The relative rotation speed and differential pressure leakage channels exist between the high-pressure shaft and the low-pressure shaft of the aero-engine, so that a sealing device is required to be arranged between the double-rotor shafts. The traditional sealing of the part between the rotating shafts usually uses graphite sealing and labyrinth sealing, and the brush type sealing is gradually applied to the sealing of the part between the rotating shafts because the brush type sealing has the advantages of good sealing performance, strong radial jump capability of a rotor, long service life and the like.

At present, two brush wire mounting positions in brush type sealing between rotating shafts are respectively mounted on an inner rotor and an outer rotor, wherein the structure mounted on the inner rotor is usually in clearance fit with the brush wires, and the mounting structure is characterized in that the wear is small under the working condition of low rotating speed, the sealing effect is poor, and the sealing effect is good and the wear is large under the working condition of high rotating speed due to the centrifugal effect; the structure installed on the outer rotor usually adopts brush wire contact or interference fit, and the installation structure is characterized in that under the working condition of low rotation speed, the sealing effect is good, the abrasion is large, and under the working condition of high rotation speed, the abrasion is small due to the centrifugal effect, and the sealing effect is poor.

In summary, no matter under what working condition, the two existing mounting modes have obvious defects, and the sealing performance or the service life of the sealing structure is affected.

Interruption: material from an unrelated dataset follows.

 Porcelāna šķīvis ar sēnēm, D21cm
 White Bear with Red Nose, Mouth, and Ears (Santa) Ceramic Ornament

Therefore, a novel brush type sealing structure between opposite rotating shafts is provided, so that the brush type sealing structure has both sealing performance and durability, and the problem to be solved is urgent.

Disclosure of utility model

In view of the above, the present utility model aims to provide a brush seal between counter-rotating shafts mounted between inner and outer rotors, so as to solve the problem that the conventional brush seal structure between counter-rotating shafts cannot have both sealing performance and durability.

The technical scheme provided by the utility model is as follows: a brush seal between counter-rotating shafts mounted between inner and outer rotors, comprising: the inner rotor brush wire bundle is obliquely arranged along the radial direction of the outer assembly ring and is in interference fit with the inner assembly ring, and the inclination direction of the inner rotor brush wire bundle is consistent with that of the outer rotor brush wire bundle and is in clearance fit with the outer assembly ring.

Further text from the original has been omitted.